From 099c22bef9ad9d4dc9cb3f679a99c9d320811988 Mon Sep 17 00:00:00 2001
From: Scc_hy <34824890+scchy@users.noreply.github.com>
Date: Fri, 3 Jan 2020 10:40:52 +0800
Subject: [PATCH] ADD NEW SQL SOLUTION
sales_SQL = spark.sql("""SELECT city, year, sum(amount) as amount
,GROUPING_ID(city, year) GFLG
FROM sales_tbl
GROUP BY ROLLUP(city, year)
HAVING 3 != GROUPING_ID(city, year)
ORDER BY city DESC NULLS LAST, year ASC NULLS LAST
""")
---
code/chap07/dataframe_multi_dim_agg_rollup.py | 23 +++++++++++++------
1 file changed, 16 insertions(+), 7 deletions(-)
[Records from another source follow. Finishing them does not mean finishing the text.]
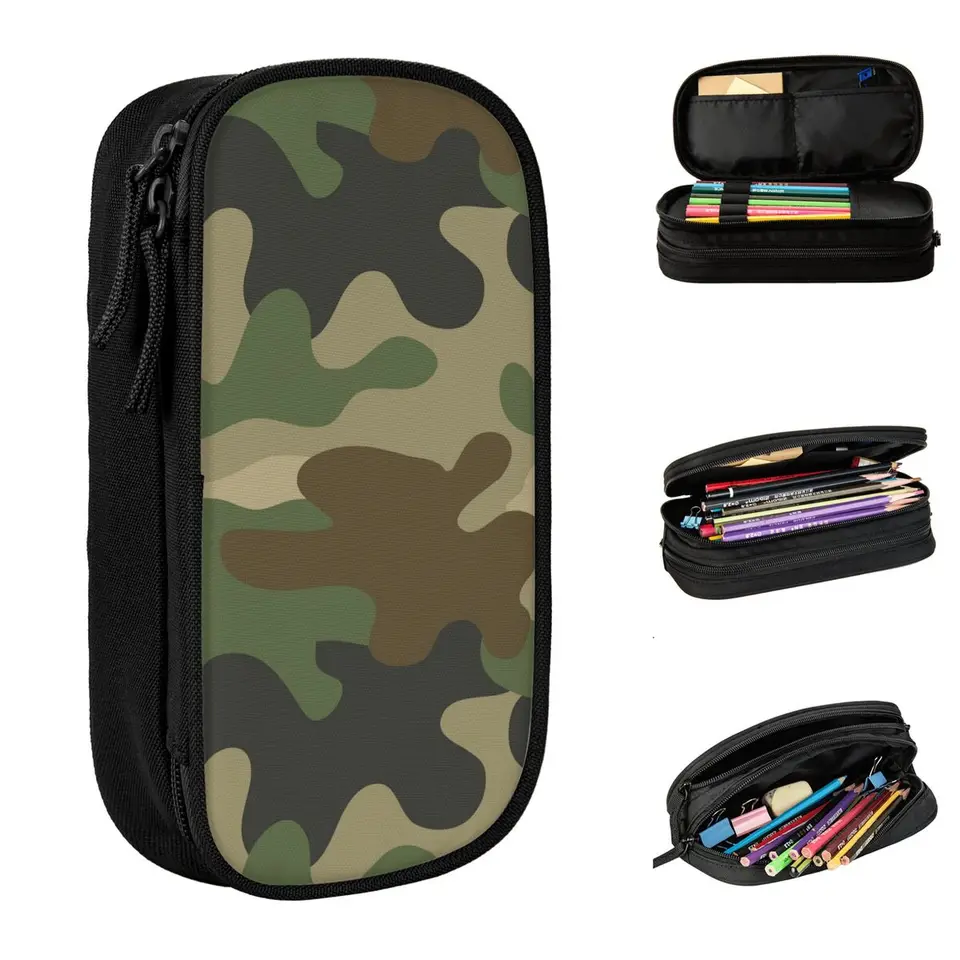 Camouflage ceruzka Puzdro Pase Cencil Piene držiak pero pre dievčatá chlapci veľkej kapacity ceruzkové tašky Školské zásoby zips
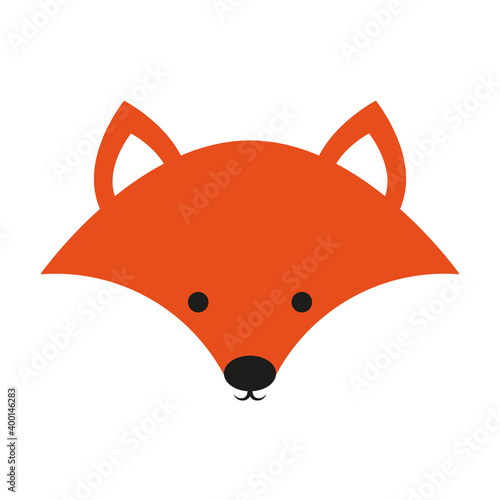 Fox head in a cartoon style. Vector illustration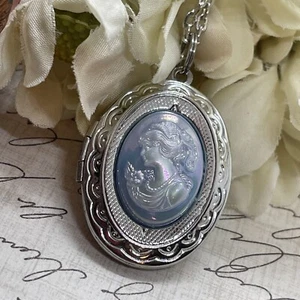 Silver Birthday Locket Blue Pearl Lady Victorian Maiden Necklace Gift Mom Unique - Picture 1 of 17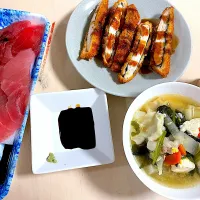ワンタンスープ、きはだマグロ刺身、チキンのシソ巻きフライ|pepiさん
diff --git a/code/chap07/dataframe_multi_dim_agg_rollup.py b/code/chap07/dataframe_multi_dim_agg_rollup.py
index 7caf003..df86367 100644
--- a/code/chap07/dataframe_multi_dim_agg_rollup.py
+++ b/code/chap07/dataframe_multi_dim_agg_rollup.py
@@ -223,12 +223,11 @@
# Aggregate function: returns the level of grouping, equals to
# (grouping(c1) << (n-1)) + (grouping(c2) << (n-2)) + … + grouping(cn)
#
- with_rollup = sales\
- .rollup('city', 'year')\
- .agg(sum('amount').alias('amount'), grouping_id().alias('gid'))\
- .filter(col('gid') != 3)\
- .sort('city', 'year')\
- .select('city', 'year', 'amount', 'gid')
+ with_rollup = sales.rollup('city', 'year')\
+ .agg(sum('amount').alias('amount'), grouping_id().alias('gflg'))\
+ .filter(col('gflg') != 3)
+ with_rollup = with_rollup.sort(with_rollup.city.desc_nulls_last(), with_rollup.year.asc_nulls_last())\
+ .select('city', 'year', 'amount', 'gflg')
#
print("# with_rollup:")
with_rollup.show()
@@ -246,9 +245,19 @@
GROUPING SETS ((city, year), (city))
ORDER BY city DESC NULLS LAST, year ASC NULLS LAST
""")
+ # NEW solution
+ sales_SQL = spark.sql("""SELECT city, year, sum(amount) as amount
+ ,GROUPING_ID(city, year) GFLG
+ FROM sales_tbl
+ GROUP BY ROLLUP(city, year)
+ HAVING 3 != GROUPING_ID(city, year)
+ ORDER BY city DESC NULLS LAST, year ASC NULLS LAST
+ """)
#
print("# with_grouping_sets:")
- with_grouping_sets.show()
+ with_grouping_sets.show()
+ print("# sales_SQL:")
+ sales_SQL.show()
# done!
spark.stop()